Meine Damen und Herren von der Opposition, man kann nicht ohne Schaden für die Position der Bundesrepublik von „Operettenarmeen" sprechen. Das werden Sie selbst feststellen, wenn Sie ins Ausland gehen. Solche Verpflichtungen bestehen auch für die Opposition.
Ich kann noch nicht ganz begreifen, in welchen Punkten wir bei der Beurteilung der Situation im Nahen Osten unterschiedliche Positionen vertreten. Man muß sich an die einhellige Ablehnung der Erklärung der Neun, die insbesondere aus den Reihen der Opposition kam, erinnern. Herr Professor Carstens, damals, in dieser Erklärung der Neun, ist ganz ausdrücklich davon die Rede gewesen, daß die Positionen aller im Nahen Osten miteinander im Streit liegenden Völker in gleicher Weise gesichert werden müßten, damit diese Völker die Chance erhielten, in gesicherten Grenzen in Frieden zu leben. Sie haben das damals kritisiert. Heute scheinen offenbar auch Sie diese Position der Bundesregierung für richtig zu halten.
Auch die Aufhebung des Zwangsumtauschs für Rentner mein Kollege Hoppe wird darauf noch im einzelnen eingehen — ist nun doch ein Faktum, das auf dem Tisch liegt und an dem man nicht vorbeikommen kann. Sie überspielen nun diese Erfolge, die ganz offenbar vorhanden sind, immer damit, daß
Sie erneut Forderungen stellen, die eben noch nicht realisiert sind. Sie versuchen damit, die greifbaren Erfolge der Bundesregierung herunterzuspielen. Das scheint Ihnen nach meinem Dafürhalten immer weniger zu gelingen, um so heftiger stellen Sie nun diese Versuche an.
Lassen Sie mich zu der europapolitischen Situation und zu dem Ergebnis des Gipfels kommen, der — ich habe es schon am Anfang gesagt — in überaus großem Maße für unsere Position sichtbare Erfolge mit sich gebracht hat.

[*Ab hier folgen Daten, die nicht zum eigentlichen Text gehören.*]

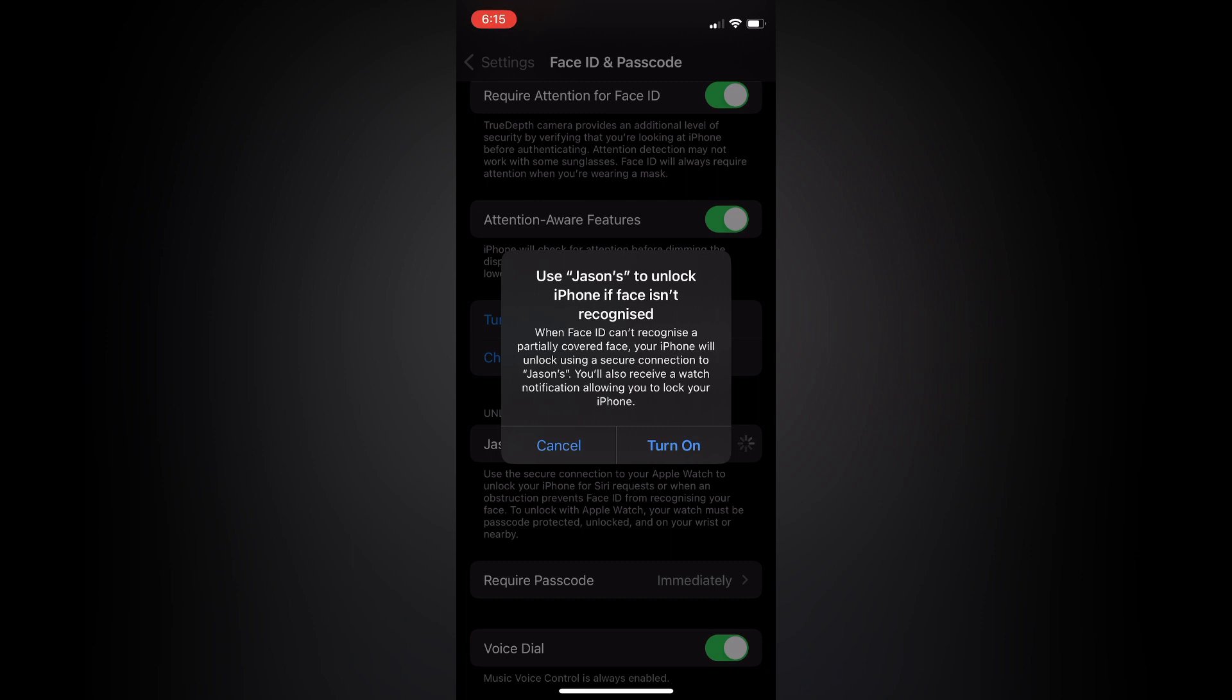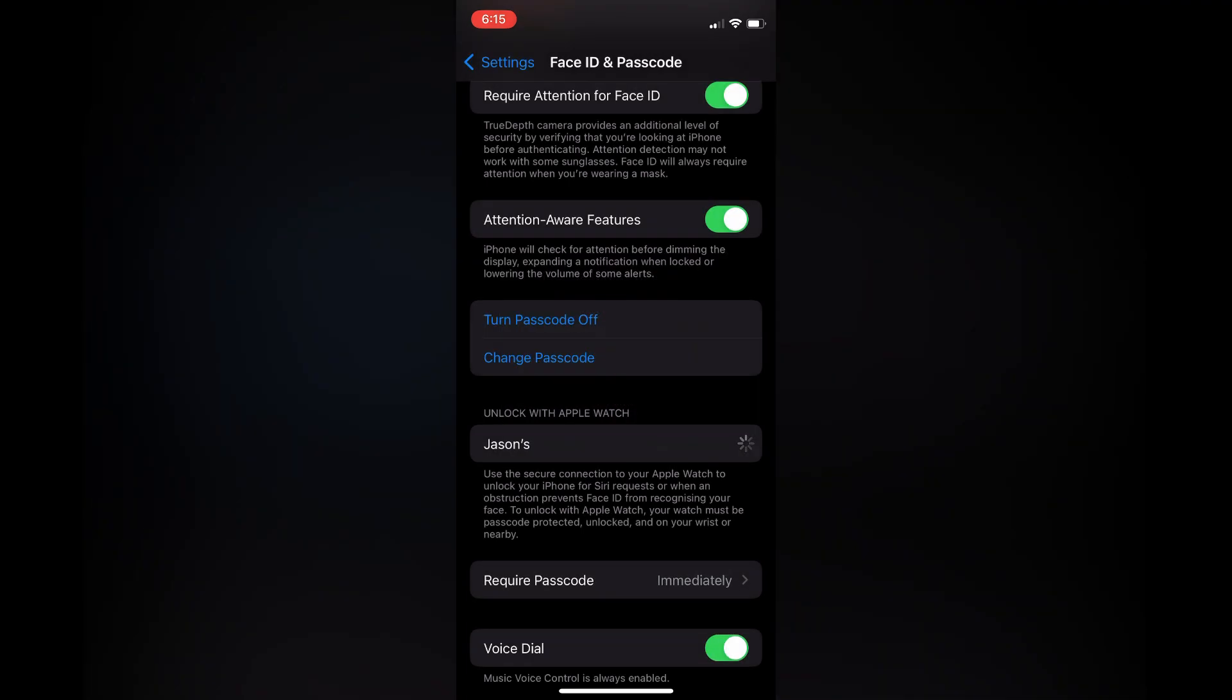And you will simply tap on turn on and give it a few seconds, and that's it.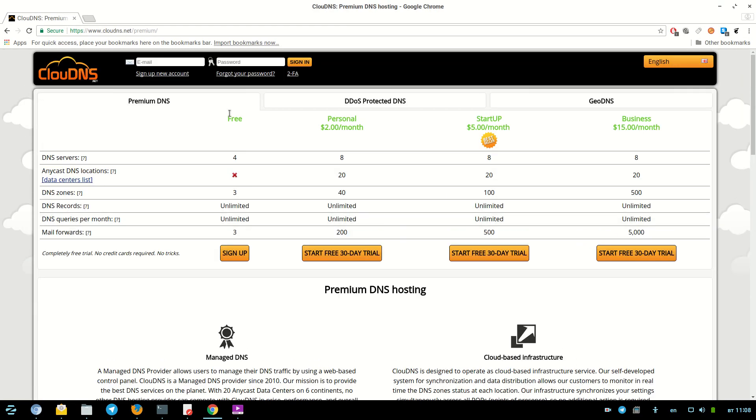In order to create a NAPTR record, enter your email address and your password. Then, click on the orange sign in button.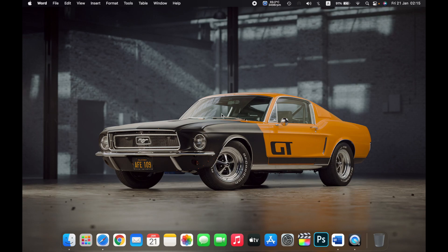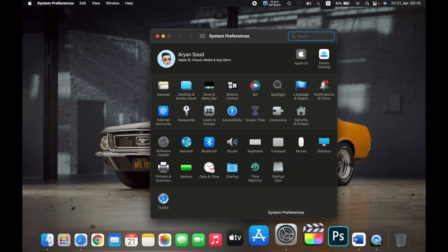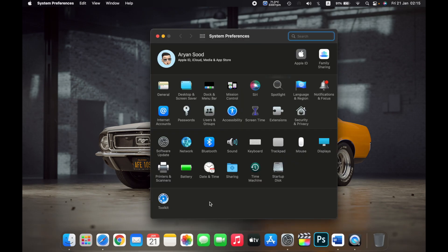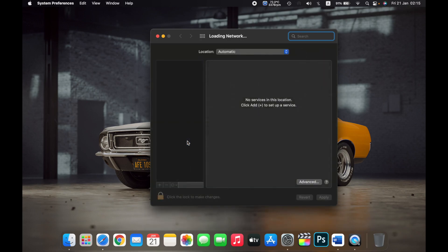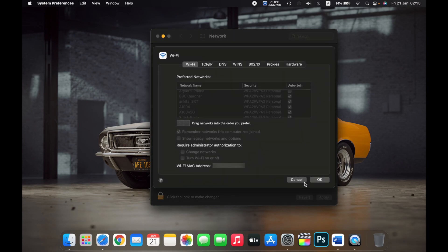Hello everyone. In this video I will show you how to find the MAC address of your MacBook. First, open System Preferences from the dock, then click on Network, and then on the bottom right click on Advanced, and go to the Wi-Fi tab.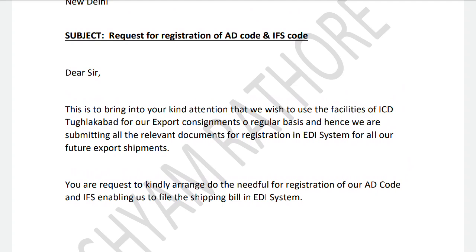The EDI system is the system where the government keeps all import and export shipment details. For export, we need to file the shipping bill through EDI as initial data to receive the checklist, and after the checklist we get the shipping bill number. Similarly, for import, when we receive documents from overseas — invoice and packing list — we need to file the bill of entry through our CHA.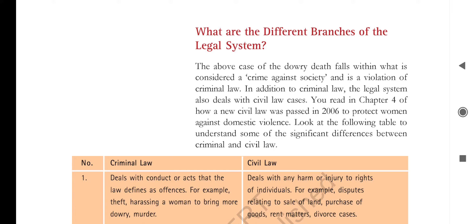Hello students, good morning. Today we will continue with chapter number 5, Judiciary. The topic which we are going to discuss today is what are the different branches of the legal system.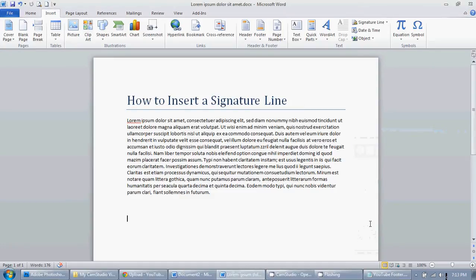In this video I'm going to show you how to insert a signature line into a Microsoft Word 2010 document. Just so there's no confusion, this isn't like an email signature line — this is an actual signature line. I have my document set up here, and this is for contracts or any kind of agreements that need to be signed.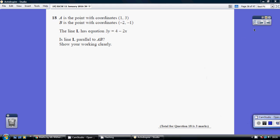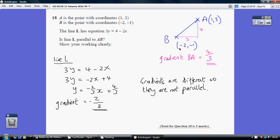Question 18. I think really here we need to have a strategy. Is line L parallel to AB? Well, if you've got a parallel line it has the same gradient. So we've got to work out whether these two have the same gradient. Let's do them one by one.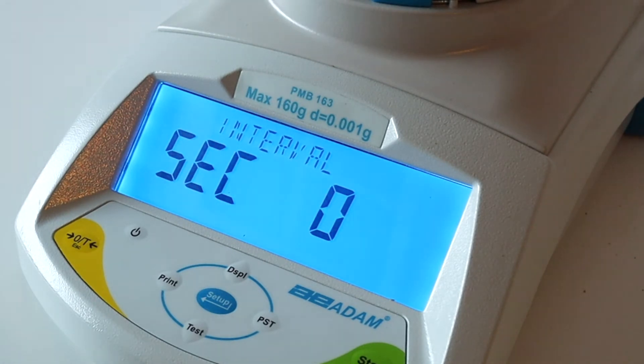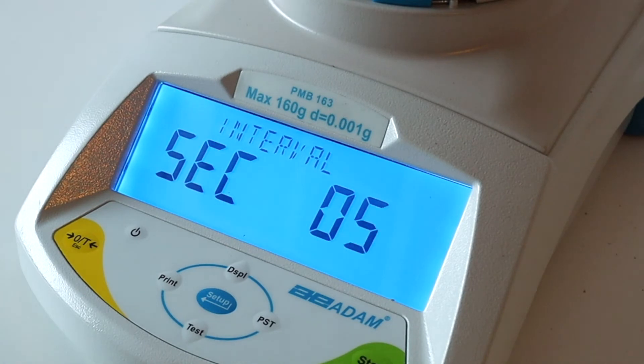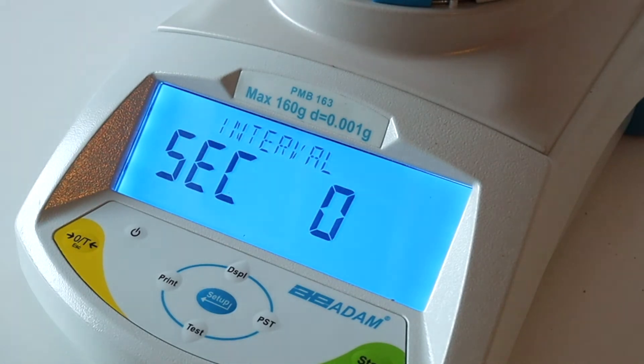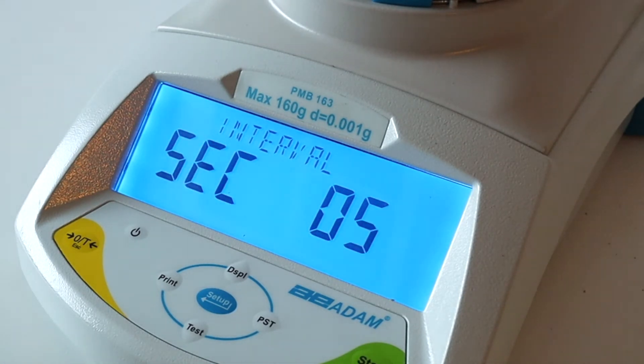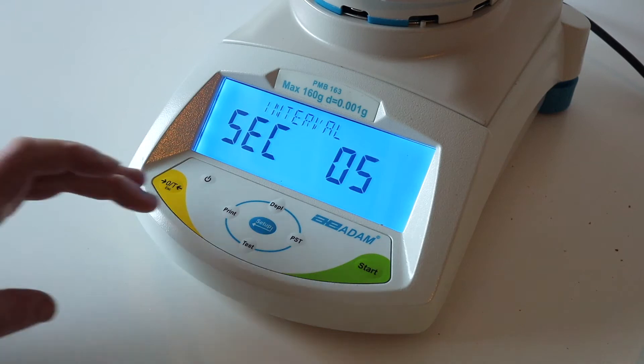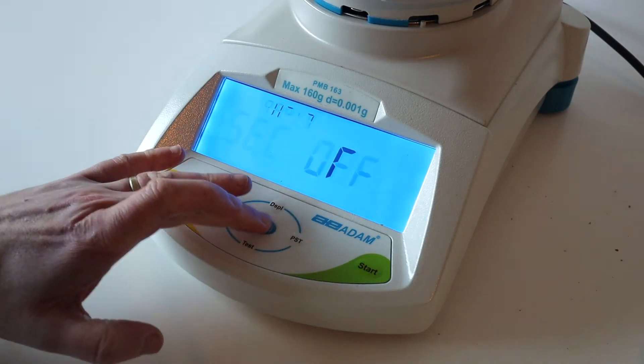Interval is how frequently data is sent from the PMB to your printer or PC for recording. This can be ignored if your PMB is not connected to a PC or printer.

Wenn man sich einmal in Erinnerung ruft, wie die allgemeine Auffassung in der Kommentierung der Presse vor dem Gipfel war, welche Tendenz in diesen Pressekommentaren sichtbar war, dann darf ich für viele dieser Kommentare stellvertretend die „Neue Zürcher Zeitung" zitieren, die geschrieben hat:
Es ist eine alte Geschichte und immer wieder neu. Neu ist zur Zeit, daß sich die europäische Problematik auf das Jahresende wieder einmal kritisch zuspitzt, nachdem schon der Jahresbeginn im Zeichen voller Krise, eines atlantischen Zerwürfnisses und einer innereuropäischen Zerreißprobe zugleich, gestanden hatte.
Meine Damen und Herren, diese Beschreibung der Möglichkeiten, der Hoffnungen, die mit dem Gipfel verbunden waren, ging durch die gesamte Presse hindurch. Niemand hat sich vom Gipfel etwas versprochen. Jedermann war skeptisch und voller Pessimismus.

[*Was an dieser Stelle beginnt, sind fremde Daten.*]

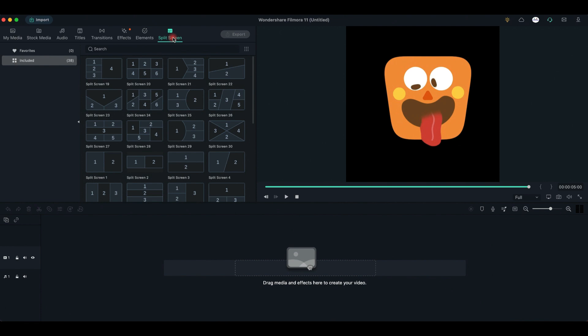Last but not least, we have the Split Screen tab where you can choose from more than 30 layouts and have different videos playing simultaneously within the screen.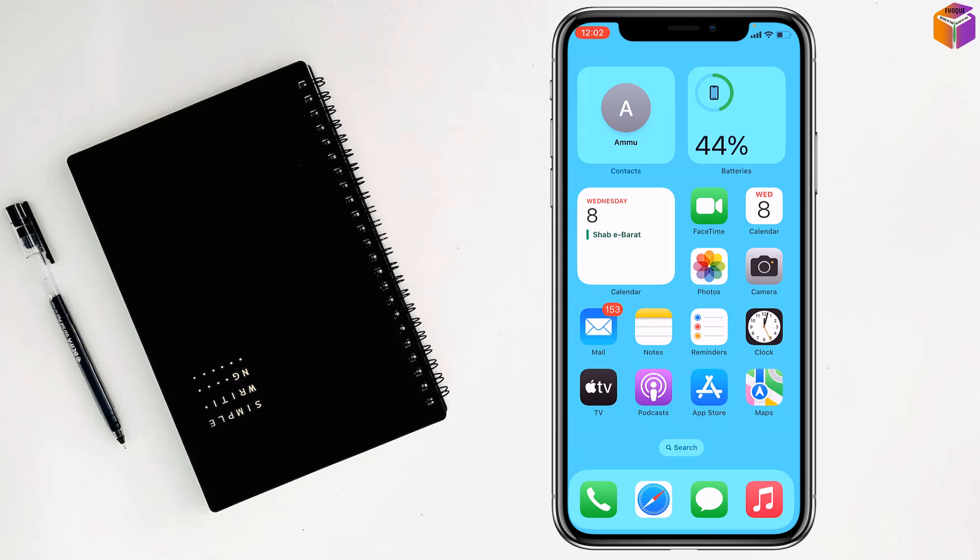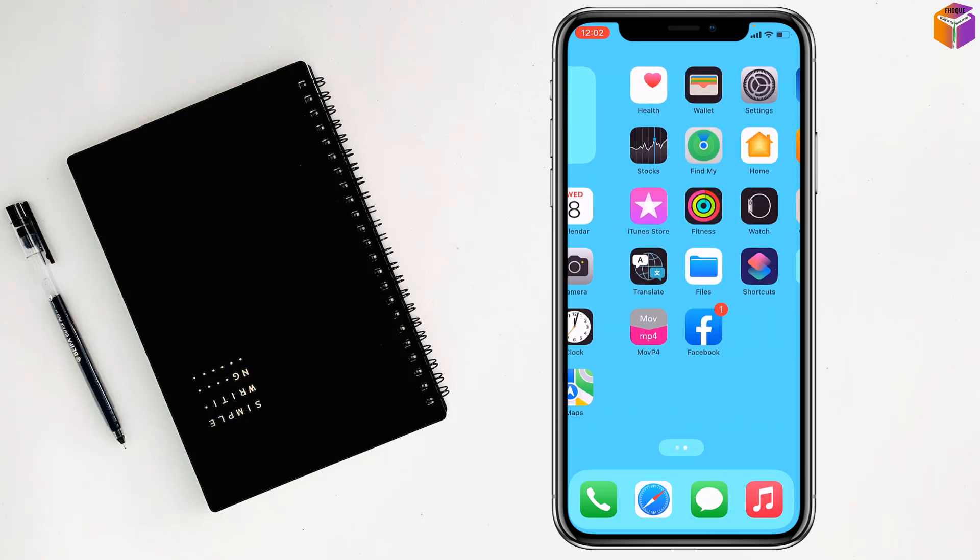Today I'm going to show you how to reset iPhone keyboard. To reset iPhone keyboard, you have to go to Settings first on your iPhone.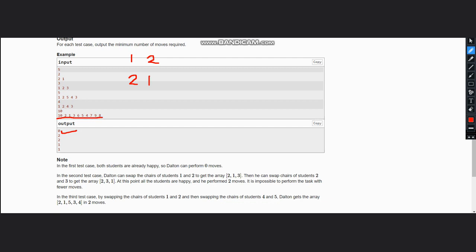Now here we have: for 10 it is 1. For 2 it is 2, which means the student needs to be swapped. Now let's see with whom he or she would be swapped. It is 3, 4, 5, 6, 7, 8, 9.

Es ist sicher richtig, daß die Probleme größer geworden waren. Es ist sicher richtig, daß die Probleme auch dadurch größer geworden waren, daß sich die Differenzen innerhalb der Europäischen Gemeinschaft vertieft hatten. Es gab nicht so sehr Meinungsverschiedenheiten, sondern die Ausgangspositionen, von denen die einzelnen Mitgliedsländer auszugehen gezwungen waren, hatten sich verändert.
Zugleich wurde aber auch deutlich, daß eine größere Sensibilität für diese Probleme entstanden war, daß insbesondere bei der französischen Position zu verzeichnen ist, daß unter Aufgabe alter Vorbehalte eine Hinwendung zu einem Europa vollzogen wurde, wie wir es uns vorgestellt und gewünscht hatten.

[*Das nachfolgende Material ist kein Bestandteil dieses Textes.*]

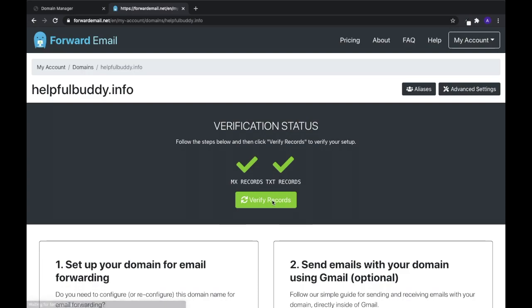Congrats! You've completed all the steps and are now ready to start forwarding emails. Thanks for tuning in. And if you have any additional questions, please check out our FAQ page.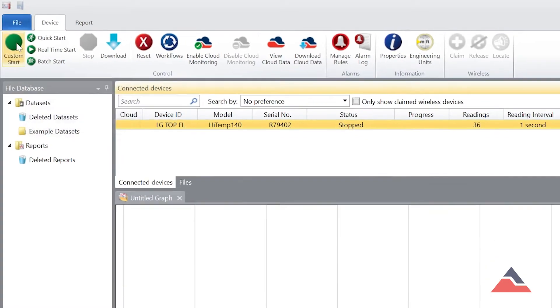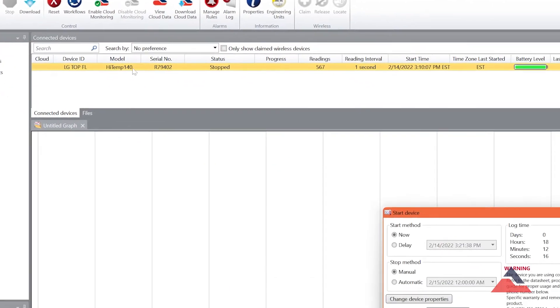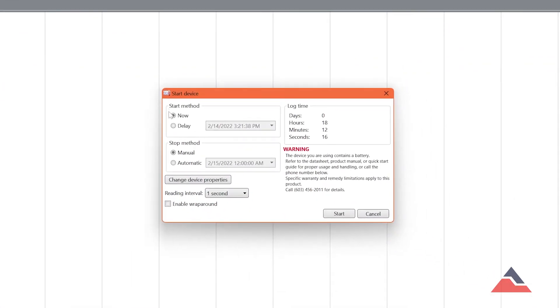While in Custom Start, you'll select the desired start method, reading rate, and if desired, an automatic stop time to end the recording.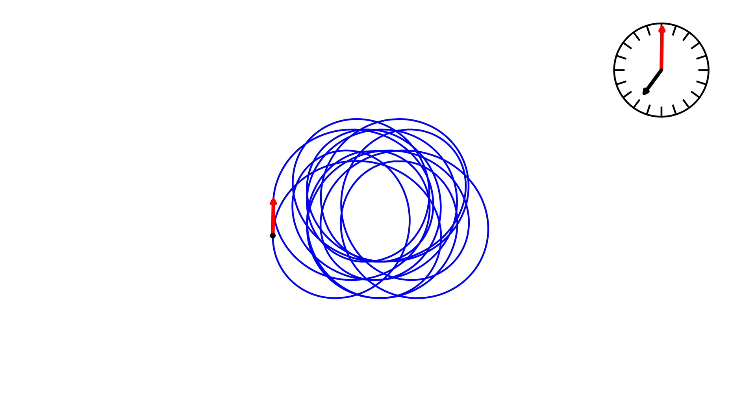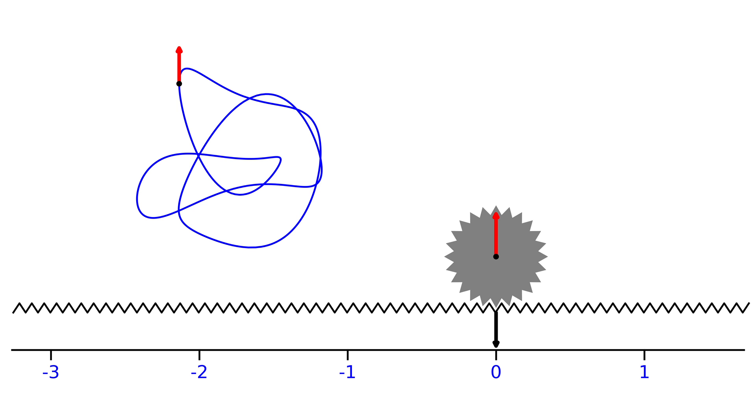However, this clock has the same problem as the previous one. If we look at a curve with a winding number of 20, once again, we would not be able to distinguish its winding number from the winding number zero.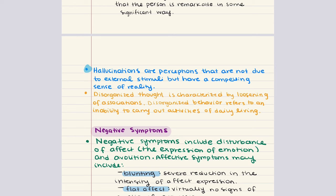Another key positive symptom is disorganized thought, evident when a person's speech or thought process becomes incoherent, shifting quickly between topics and lacking logical progression, sometimes manifesting as word salad or the creation of new words. Lastly, a positive symptom can include disorganized or catatonic behavior, referring to abnormal behavior affecting daily activities, which can include severely decreased movement or very rigid posture.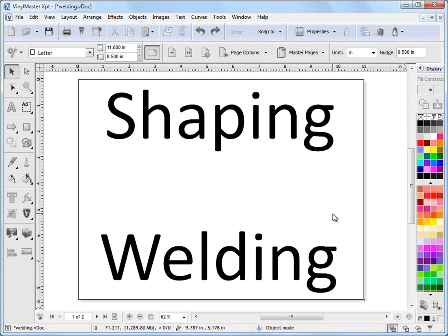In this lesson, I'm going to show you where to find the welding and the shaping tools and how to apply those tools to text or objects.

Auch die Schwierigkeiten in Großbritannien haben nicht dazu geführt, daß sich die Politik Englands so von Europa abgewandt hätte, daß nicht ein Funken Hoffnung übriggeblieben wäre. Bei allen äußeren Vorbehalten, insbesondere zur Frage der Bedingungen des Verbleibens in der Gemeinschaft, war doch spürbar geworden, daß in Großbritannien, gerade auch in der Labour Party, die Erkenntnis, das Bewußtsein gewachsen waren, daß ein Verbleiben in der Gemeinschaft auch im eigenen Interesse liegen würde.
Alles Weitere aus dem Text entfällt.